RECORD SET:
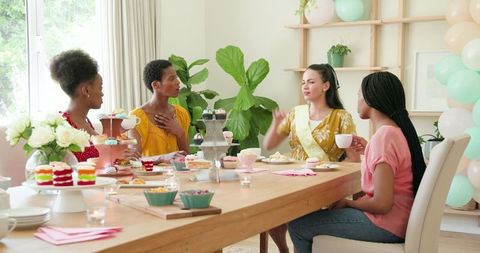 Diverse Women Enjoying Tea and Desserts at Home Gathering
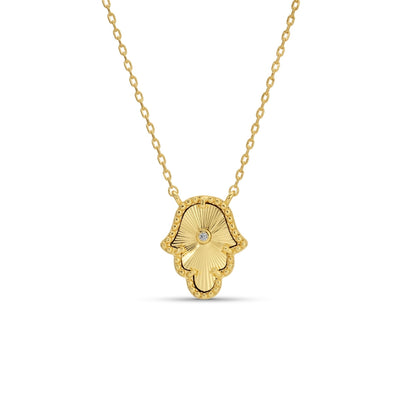 Gold Hamsa hand necklace on a white background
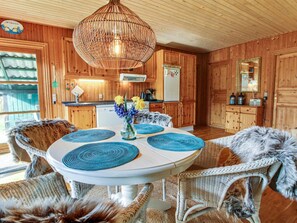 Cozy cabin-style kitchen with wooden cabinetry, a vintage refrigerator, and a dining area with wicker chairs and a pendant light.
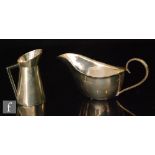 A hallmarked silver small jug of plain form terminating in angular handle height 8cm,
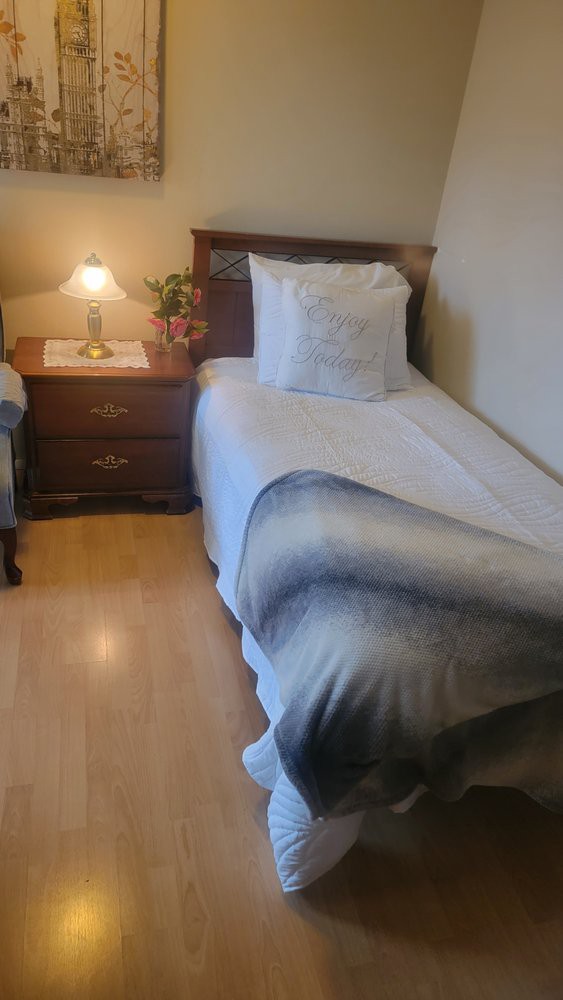 A cozy bedroom with a single bed and nightstand topped with a lamp.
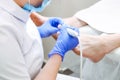 Master chiropody shapes the nails . Male patient in the process of hardware pedicure procedure. Concept body care. Close up, selec Royalty Free Stock Photo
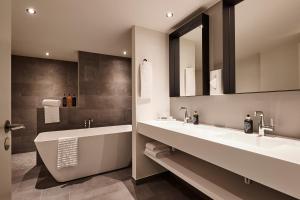 a bathroom with two sinks and a large mirror at Comwell Kongebrogaarden in Middelfart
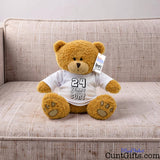 ANY Years of Being a Cunt personalised plush teddy bear with black writing sitting on natural sofa.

ABOUT THIS TASK: The lines to repeat run from the line containing "A hallmarked silver" through the end of the listing above, both included; give them exactly and without pictures.

RESPONSE TO THIS EXERCISE:
 A hallmarked silver small jug of plain form terminating in angular handle height 8cm,
 A cozy bedroom with a single bed and nightstand topped with a lamp.
 Master chiropody shapes the nails . Male patient in the process of hardware pedicure procedure. Concept body care. Close up, selec Royalty Free Stock Photo
 a bathroom with two sinks and a large mirror at Comwell Kongebrogaarden in Middelfart
 ANY Years of Being a Cunt personalised plush teddy bear with black writing sitting on natural sofa.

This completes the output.